Useful extensions to Scala's Iterator. Think errata for iterators.
Using SBT:
libraryDependencies += "com.timgroup" %% "iterata" % "0.1.6"
Or download the jar directly from maven central.
Iterata is currently published for Scala 2.11 only, please feel free to let us know if you'd like a build for a different Scala version.
Use the #par()
method to add parallelism when processing an Iterator
with functions chained via #map
and #flatMap
. It will eagerly evaluate the underlying iterator in chunks, and then evaluate the functions on each chunk via the Scala Parallel Collections. For example:
scala> import com.timgroup.iterata.ParIterator.Implicits._
scala> val it = (1 to 100000).iterator.par().map(n => (n + 1, Thread.currentThread.getId))
scala> it.map(_._2).toSet.size
res2: Int = 8 // addition was distributed over 8 threads
You can provide a specific chunk size, for example it.par(100)
.
Note that only the following Iterator methods are implemented (so far) to make use of parallel collections:
#map
#flatMap
#filter
#find
The #par()
method is available on any iterator, and takes an optional chunk size parameter. However, if you already have a GroupedIterator
, you can simply call #par
since it is already grouped.
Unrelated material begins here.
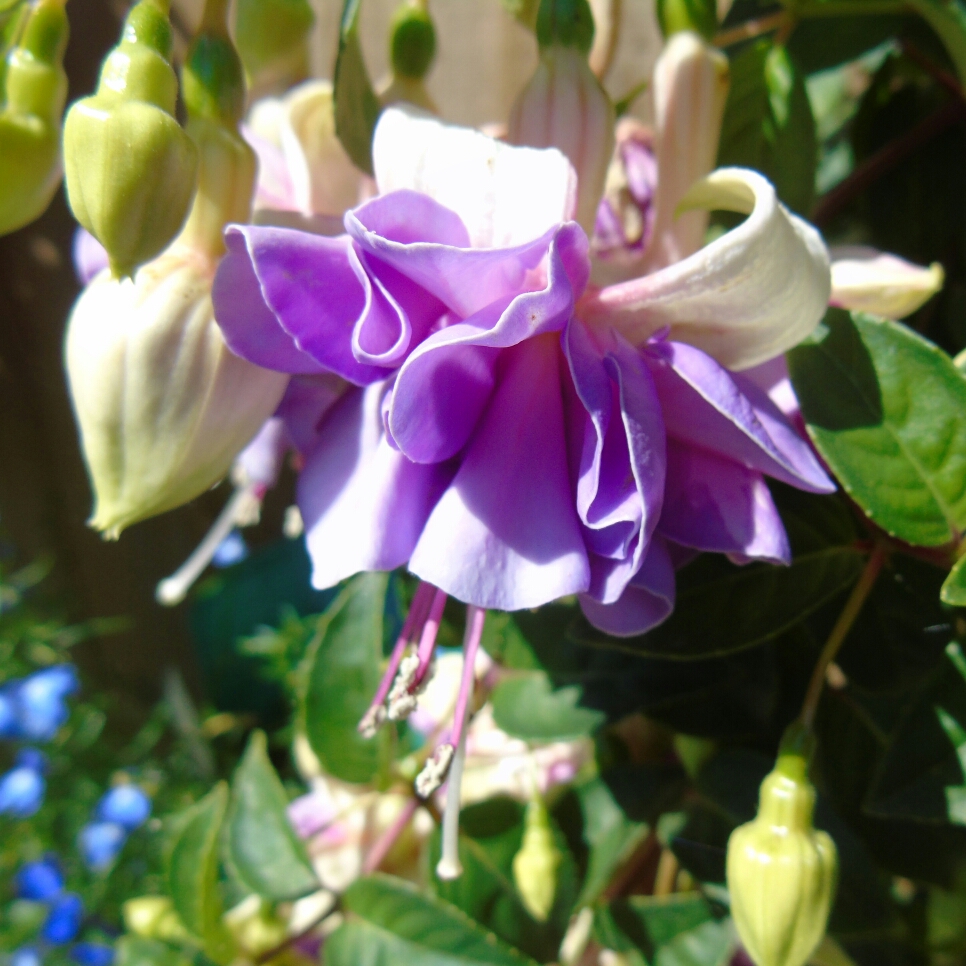 Fuchsia Dawn Star in the GardenTags plant encyclopedia Fuchsia Dawn Star in the GardenTags plant encyclopedia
For example:
scala> val it = (1 to 100000).iterator.grouped(4).par
Use the #memoizeExhaustion
method to wrap an Iterator
so that its #hasNext
method will
not be called again after returning false
. This is useful in cases where it is expensive
to check if there is a next element, such as when I/O is involved.
Can serve as a workaround for SI-9623, where
after concatenating two iterators with ++
, the left iterator's #hasNext
will be called twice
for every call to the right iterator's #next()
.
scala> import com.timgroup.iterata.MemoizeExhaustionIterator.Implicits._
scala> val it1 = new IteratorWithExpensiveHasNext()
scala> val it2 = new IteratorWithExpensiveHasNext()
scala> (it1.memoizeExhaustion ++ it2).foreach(_ => ())
scala> it1.numTimesHasNextReturnedFalse
res2: Int = 1